Romano says the parties can no longer negotiate a remedy. Additionally, the juvenile judge's "role has been eviscerated. A judge can only choose an in-state placement. Other than that, it's up to DCF."
If the justices of the Supreme Court were offended by a loss of judicial authority, it wasn't reflected in the final Jeffrey M. ruling handed down last week. Justice Eveleigh, for a unanimous court, ruled for DCF, pointing to the new law that gives the agency first and last word on out-of-state placements.
One thing Katz and Romano agree upon is that treatment works. Juveniles, unlike many adults, respond well to the right kind of treatment for everything from fire-setting behaviors to inappropriate sexual activities.
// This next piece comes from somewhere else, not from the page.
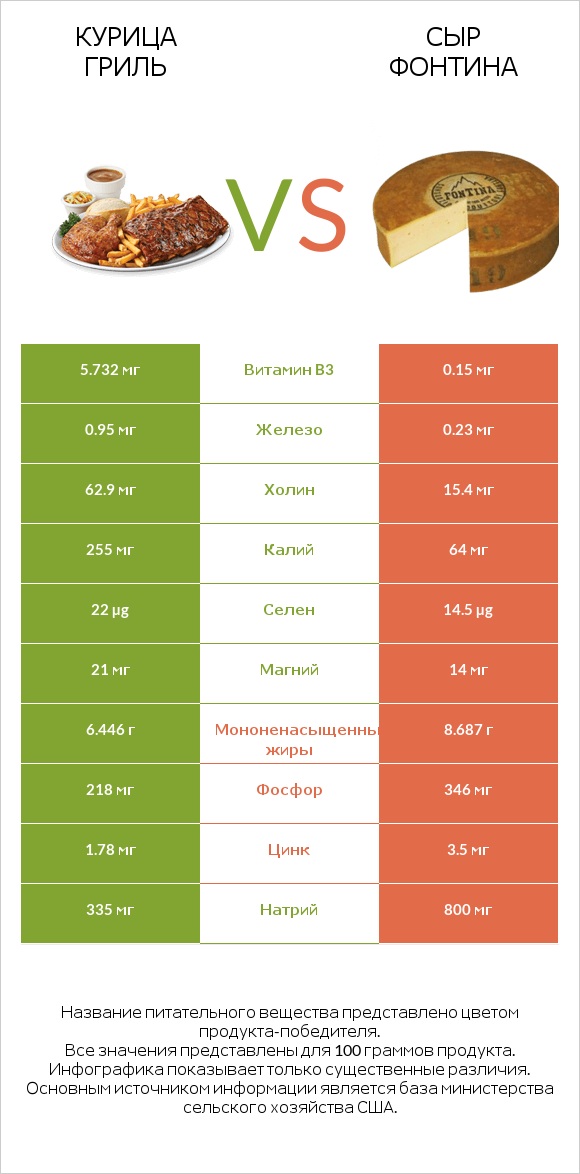 Курица гриль vs Сыр Фонтина infographic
But where the two sides differ is on whether there are currently enough in-state treatment options.
Romano, and his associate, Naomi Fetterman, say that sending all challenging cases to the Connecticut Juvenile Training School in Middletown is a "one-size-fits-all" approach. Most states send some of their most difficult cases to special out-of-state facilities, said Romano.
"Right now, the most popular facility for [addressing] fire-setting behavior is in Texas," he said. "States all over the nation are sending kids to Texas. It's been able to set up a business, essentially, and create local jobs for a fire-setting placement. Why shouldn't Connecticut set [up a similar facility]? We could provide it for in-state kids, and be able to offer this service to other states as well."
Katz has similar ideas in mind. She would like to see some former state-run facilities turned over to qualified private sector treatment providers. And on a more individualized scale, she said, specialists are being hired to provide treatment for specific problem behaviors at the Connecticut Juvenile Training School.
"It's anything but a one-size-fits-all approach," Katz said.